Egyptian hospitality on the road to recovery
Cairo’s hotels are growing again after the uprisings that sent the Egyptian tourism industry into a nosedive.
“The dark days of the Egyptian tourism industry look to be finally over after four years in the wilderness,” said Philip Wooller, the Middle East and Africa director at the hospitality research company STR Global.
“If the political stability continues, 2015 should be a good year for Egypt,” he said.
Overall tourist numbers increased 16 per cent last year, according to data from the ministry of tourism, which pushed up room yields in Cairo by about 57 per cent compared with the previous year, according to data from the consultancy Ernst & Young.
Room yield, a measure of the financial health of the hotel sector, is the product of total occupancy and average room rate, and provides an indication of the revenue that a typical room produces over a given time period.

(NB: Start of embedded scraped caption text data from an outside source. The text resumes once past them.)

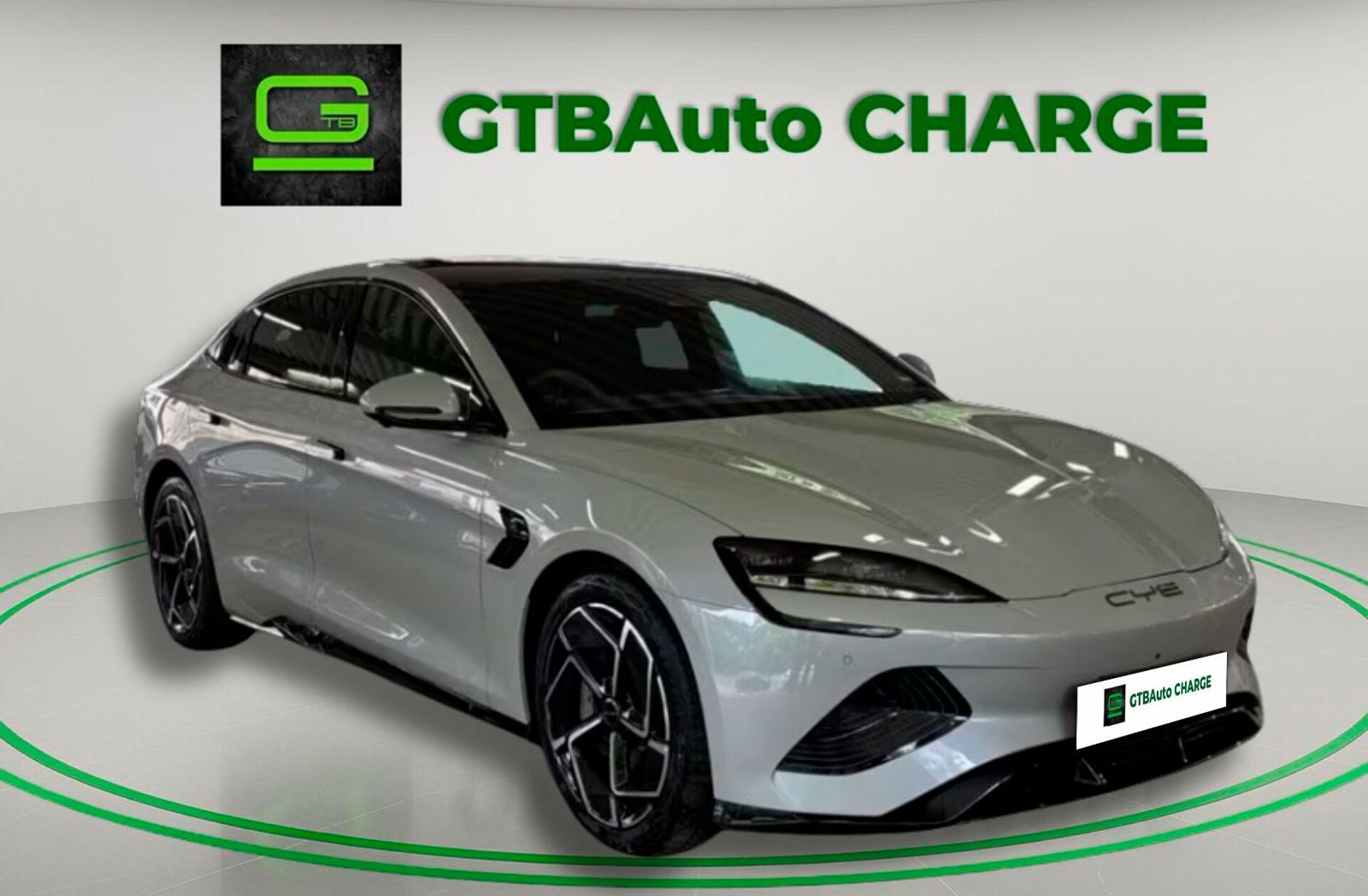 BYD Seal 82.5 kWh AWD Excellence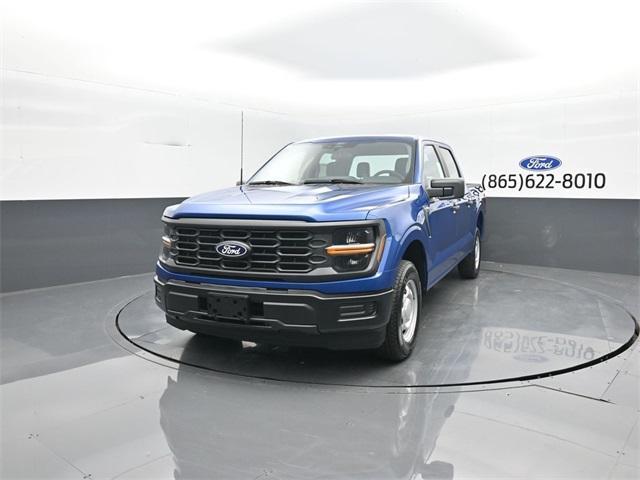 new 2024 Ford F-150 car, priced at $42,453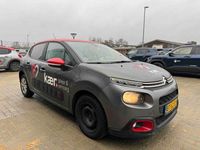 Gebraucht Citroën C3 Feel 75 PS (55 kW) 2018 Grau Kleinwagen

Yields in Cairo, which is home to 19 million of Egypt’s 90 million people, rose from US$21 per typical room per night in 2013 to $33 per typical room per night last year.
This is a different figure to the average daily room rate – the actual price charged for a room – because it takes into account unoccupied rooms.
The yield is predicted to increase significantly to $65 per typical room per night this year, according to the real estate consultancy Colliers International.
That will be the result of a 6 per cent increase in occupancy this year, and a rise in the average price of a room to $127 per night.
Average daily rates increased significantly from $81 per night in 2013 to $93 per night last year after government efforts to raise the price of hotel rooms.
“Hotels have been affected dramatically by the political situation over the past three years,” said Ayman Sami, the head of the Cairo office at the property consultancy JLL. “It has been really difficult to keep a hotel business running because of low occupancy rates and low room rates.”
The handover of the new Nile Ritz-Carlton in Cairo has been repeatedly delayed, in part because of the length of time it has taken for the sector to recover, Mr Sami said.
Outside Cairo, yields are set to increase more slowly.
Room yields in Sharm El Sheikh are predicted to increase 6 per cent this year, while Alexandrian hotel yields will rise 3 per cent. Occupancy is predicted to fall in both cases over the next year, with average room rate increases making up the difference in room yields.
Significant oversupply continues to characterise the Egyptian hotel market, with occupancy rates falling as low as 17 per cent in Luxor.
About 1,000 new rooms are expected to be added to Egypt’s hospitality sector over the next four years, according to JLL. Dubai will add 27,000 rooms over the same period, by comparison.
“We need to wait a while before we see new supply,” Mr Sami said. “There is still more to do to fill up hotels before investors begin to look at increasing supply.”
“With new growth and new jobs … it will eventually happen. But first, hoteliers need to increase the performance of current hotels,” he said.